Shifty Geezer · Mar 6, 2006

RedBlackDevil said:
mah, SPE is geared for single-precision SIMD computation. Most of its arithmetic instructions operate on 128-bit vectors of four 32-bit elements.

a gpu as Xenos too, for example, can read any type of data, what's your point?

That SPE is geared towards a particular strength isn't in question. The point is you said SPE was incapable of doing the things a CPU can, which is a flat out load of prime bunkum nonsense.

have all the logic needed to perform any programmable task?
in only 7 milions of transistor?

Pentium Pro : 5.5 million transistors
Intel 80386DX : 275,000 transistors
Motorolla 68000 : 68,000 transistors
Intel 8086 : 29,000 transistors
MOS 6502 : 9,000 transistors
Zilog Z80 : 8,500 transistors

What have computers using Pentium Pro and earlier CPUs actually been using if not General Purpose Processors, because anything at 7 million transistors or less is, by your reckoning, incapable of having the necessary logic to be a general purpose processor? Was the BBC running on a GPU? Was the Sinclair Spectrum powered by a DSP?

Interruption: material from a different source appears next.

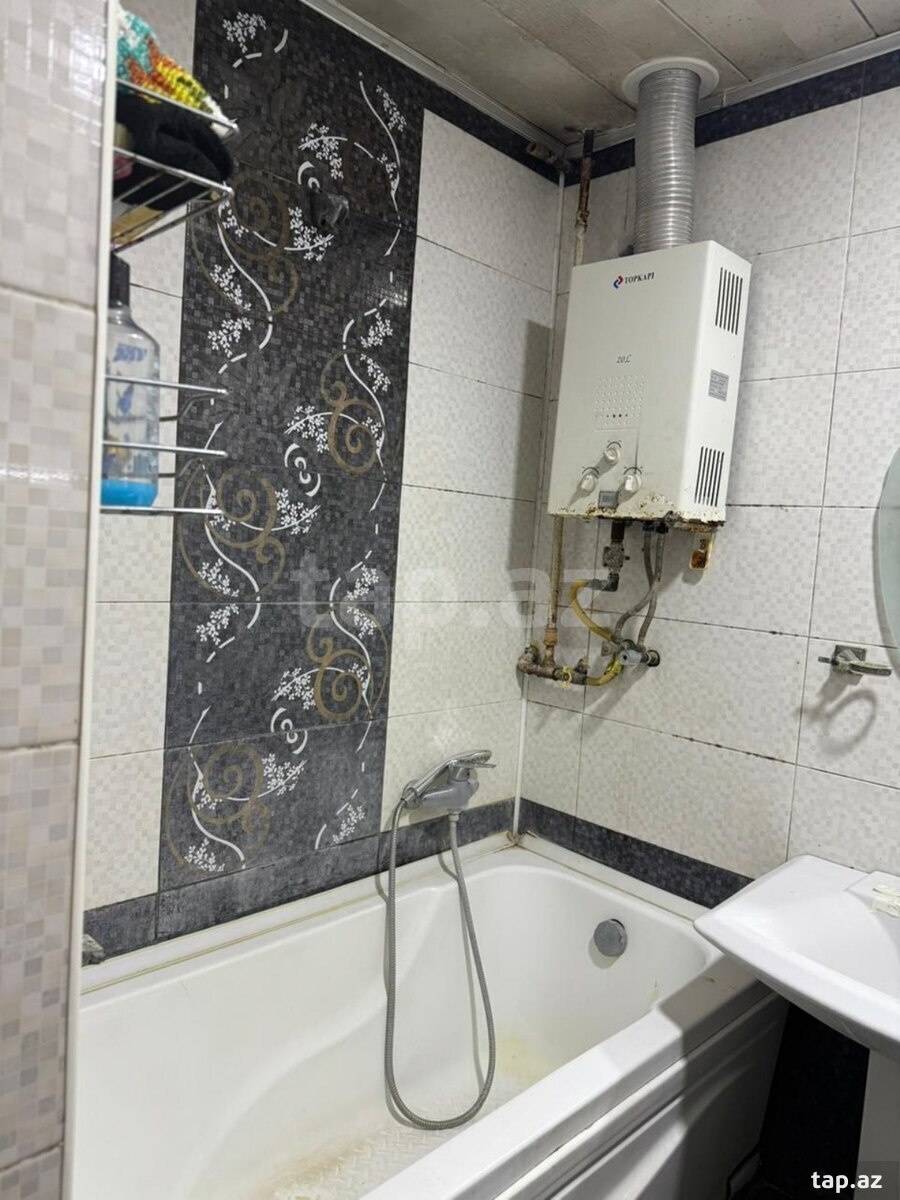2-otaqlı mənzil kirayə verilir, Gənclik m., 70 m² (6)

no, they lack control logic of the instruction window, it doesn't do register renaming or instruction reording, so it needs neither a rename register file or a reorder buffer, it lacks branch prediction and code scheduling logic, and it lack cache, as being a little little celeron

None of which are essential for being able to write any program. See the 8086 above!

local addressable memory is not cache.

Cache isn't logic, so you can't say SPE hasn't the logic and then point to cache. Cache isn't essential for running general purpose tasks. It's an advantage but not essential. See the 8086 above! SPE has all the logic it needs to perform any process asked of it, hence it is capable of general purpose code.

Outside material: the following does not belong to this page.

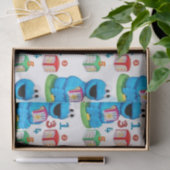 Decoratief baby tissuepapier (Geschenk)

Shifty Geezer · Mar 6, 2006

Jawed said:
"Frogger":

http://www.beyond3d.com/articles/shadercomp/results/

by Eyal Teler (fourth on the page). Runs fine on R300.

Jawed

Cool

. It's not manic miner though

How would you class the IO though? Is the GPU still needing CPU intervention to provide it with keyboard inputs? If so, SPE has the difference in having direct access to functionality without needing other procesors to format and feed it data, as it were. If not, SM2.0 is more capable than I thought!

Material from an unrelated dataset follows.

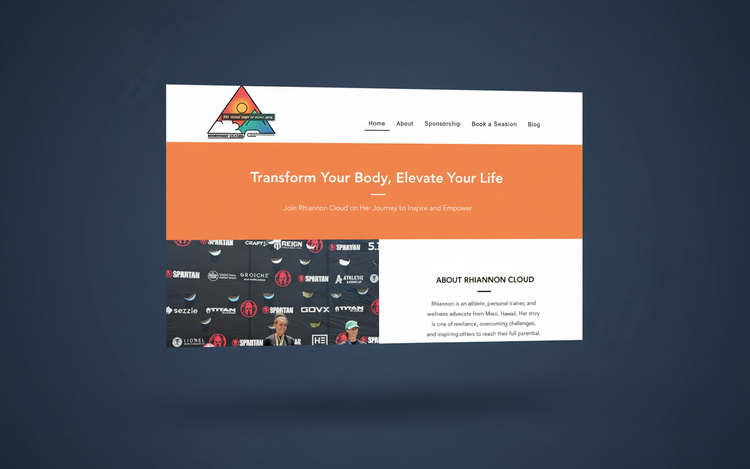 Rhiannon Cloud Fitness, brand or site detail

RedBlackDevil · Mar 6, 2006

Shifty Geezer said:
That SPE is geared towards a particular strength isn't in question. The point is you said SPE was incapable of doing the things a CPU can, which is a flat out load of prime bunkum nonsense.

Pentium Pro : 5.5 million transistors
Intel 80386DX : 275,000 transistors
Motorolla 68000 : 68,000 transistors
Intel 8086 : 29,000 transistors
MOS 6502 : 9,000 transistors
Zilog Z80 : 8,500 transistors

great comparison, can find some worse cases please?

the whole Cell is 235 Milions of transistors, the 7 spe are 49 milions togheter
this is a best comparison

how, they don't need the 190 Milions of exeeding transistors, just because a spe is a complete cpu [/ironic]

What have computers using Pentium Pro and earlier CPUs actually been using if not General Purpose Processors, because anything at 7 million transistors or less is, by your reckoning, incapable of having the necessary logic to be a general purpose processor? Was the BBC running on a GPU? Was the Sinclair Spectrum powered by a DSP?
None of which are essential for being able to write any program. See the 8086 above!
Cache isn't logic, so you can't say SPE hasn't the logic and then point to cache. Cache isn't essential for running general purpose tasks. It's an advantage but not essential. See the 8086 above! SPE has all the logic it needs to perform any process asked of it, hence it is capable of general purpose code.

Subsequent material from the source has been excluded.